----- Raw data

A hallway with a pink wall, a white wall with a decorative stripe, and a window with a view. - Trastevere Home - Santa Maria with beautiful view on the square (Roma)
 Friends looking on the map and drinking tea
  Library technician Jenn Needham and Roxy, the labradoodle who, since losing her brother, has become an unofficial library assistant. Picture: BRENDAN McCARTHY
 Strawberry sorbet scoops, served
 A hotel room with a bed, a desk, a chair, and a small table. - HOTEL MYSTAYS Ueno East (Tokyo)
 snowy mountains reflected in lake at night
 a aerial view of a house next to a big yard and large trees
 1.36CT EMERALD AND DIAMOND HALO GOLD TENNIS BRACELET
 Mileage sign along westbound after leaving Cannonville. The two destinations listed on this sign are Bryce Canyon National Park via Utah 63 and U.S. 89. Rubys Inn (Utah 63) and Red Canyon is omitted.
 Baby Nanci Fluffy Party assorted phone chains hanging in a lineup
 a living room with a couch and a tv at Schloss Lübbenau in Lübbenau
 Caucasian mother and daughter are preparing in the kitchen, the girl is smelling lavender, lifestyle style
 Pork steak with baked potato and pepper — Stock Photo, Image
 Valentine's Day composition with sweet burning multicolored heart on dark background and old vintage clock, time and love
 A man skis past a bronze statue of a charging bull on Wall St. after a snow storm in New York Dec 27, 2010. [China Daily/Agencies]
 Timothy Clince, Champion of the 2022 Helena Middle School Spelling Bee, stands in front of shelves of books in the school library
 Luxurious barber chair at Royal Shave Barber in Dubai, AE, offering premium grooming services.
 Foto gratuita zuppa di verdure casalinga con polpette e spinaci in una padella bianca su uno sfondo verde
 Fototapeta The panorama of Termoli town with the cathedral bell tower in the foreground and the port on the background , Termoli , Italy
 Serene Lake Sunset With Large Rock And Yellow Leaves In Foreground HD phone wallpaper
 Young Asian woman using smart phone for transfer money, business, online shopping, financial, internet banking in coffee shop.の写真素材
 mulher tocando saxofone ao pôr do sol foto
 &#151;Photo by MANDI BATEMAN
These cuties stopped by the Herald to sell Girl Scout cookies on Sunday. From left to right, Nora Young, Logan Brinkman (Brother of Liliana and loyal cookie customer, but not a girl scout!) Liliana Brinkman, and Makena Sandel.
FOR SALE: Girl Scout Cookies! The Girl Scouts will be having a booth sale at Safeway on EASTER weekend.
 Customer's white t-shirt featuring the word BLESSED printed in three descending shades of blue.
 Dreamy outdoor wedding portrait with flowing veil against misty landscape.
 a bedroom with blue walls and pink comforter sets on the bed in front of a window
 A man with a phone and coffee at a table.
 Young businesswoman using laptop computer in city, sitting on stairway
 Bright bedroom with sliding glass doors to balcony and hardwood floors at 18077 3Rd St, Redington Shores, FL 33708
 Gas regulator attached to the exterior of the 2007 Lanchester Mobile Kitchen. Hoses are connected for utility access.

----------

Exercise
Copy out every line of the data that includes "coffee".

Exercise result
 Young Asian woman using smart phone for transfer money, business, online shopping, financial, internet banking in coffee shop.の写真素材
 A man with a phone and coffee at a table.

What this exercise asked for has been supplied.